(Short text fragments from websites)
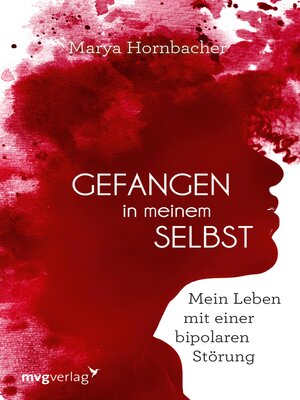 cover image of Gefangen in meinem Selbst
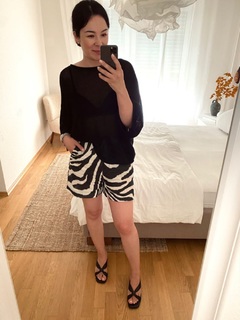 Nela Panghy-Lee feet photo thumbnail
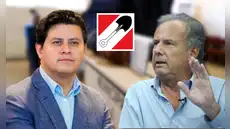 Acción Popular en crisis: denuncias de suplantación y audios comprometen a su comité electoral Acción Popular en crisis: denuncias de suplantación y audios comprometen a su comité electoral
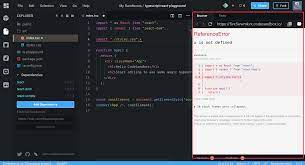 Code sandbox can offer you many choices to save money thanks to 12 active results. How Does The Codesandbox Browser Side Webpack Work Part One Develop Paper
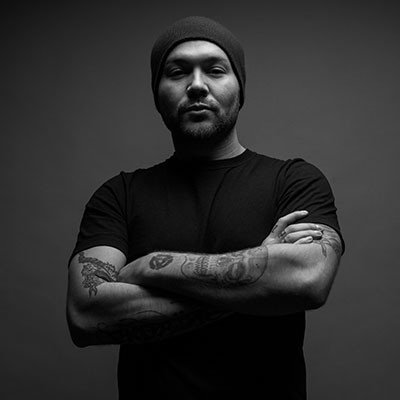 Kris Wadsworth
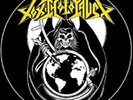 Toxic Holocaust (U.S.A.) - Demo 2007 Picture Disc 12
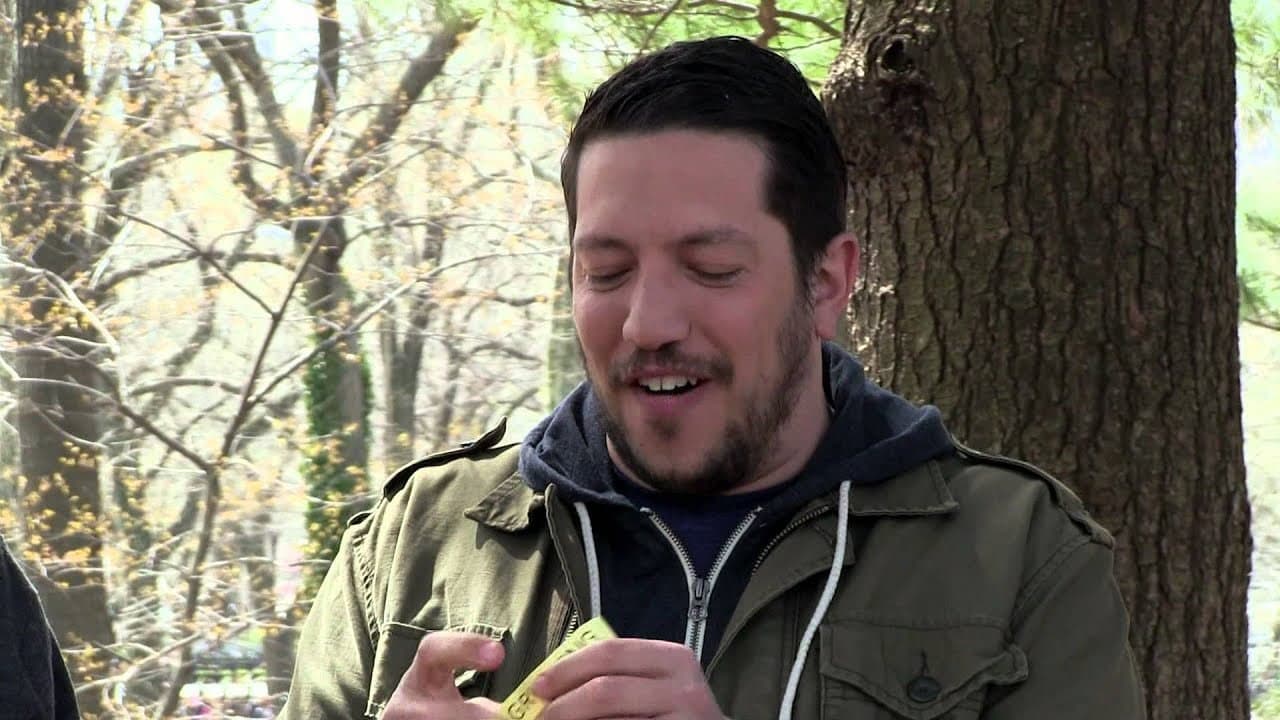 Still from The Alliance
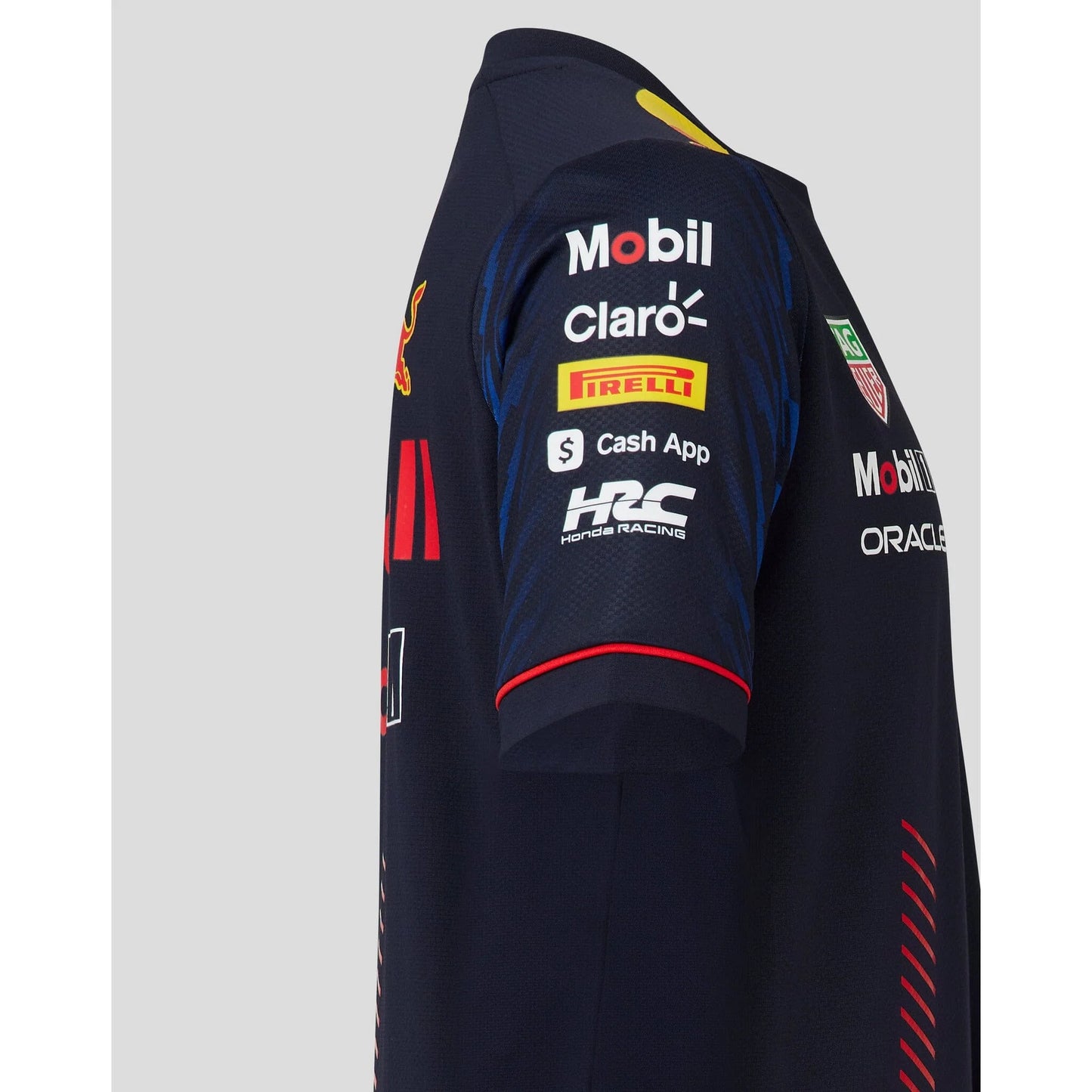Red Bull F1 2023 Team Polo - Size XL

Goal of the exercise >>
The exact lines from the beginning of the data through the one that contains "comité electoral Acción" must be given again, both ends included, and pictures must be left out.

Solution for this exercise >>
 cover image of Gefangen in meinem Selbst
 Nela Panghy-Lee feet photo thumbnail
 Acción Popular en crisis: denuncias de suplantación y audios comprometen a su comité electoral Acción Popular en crisis: denuncias de suplantación y audios comprometen a su comité electoral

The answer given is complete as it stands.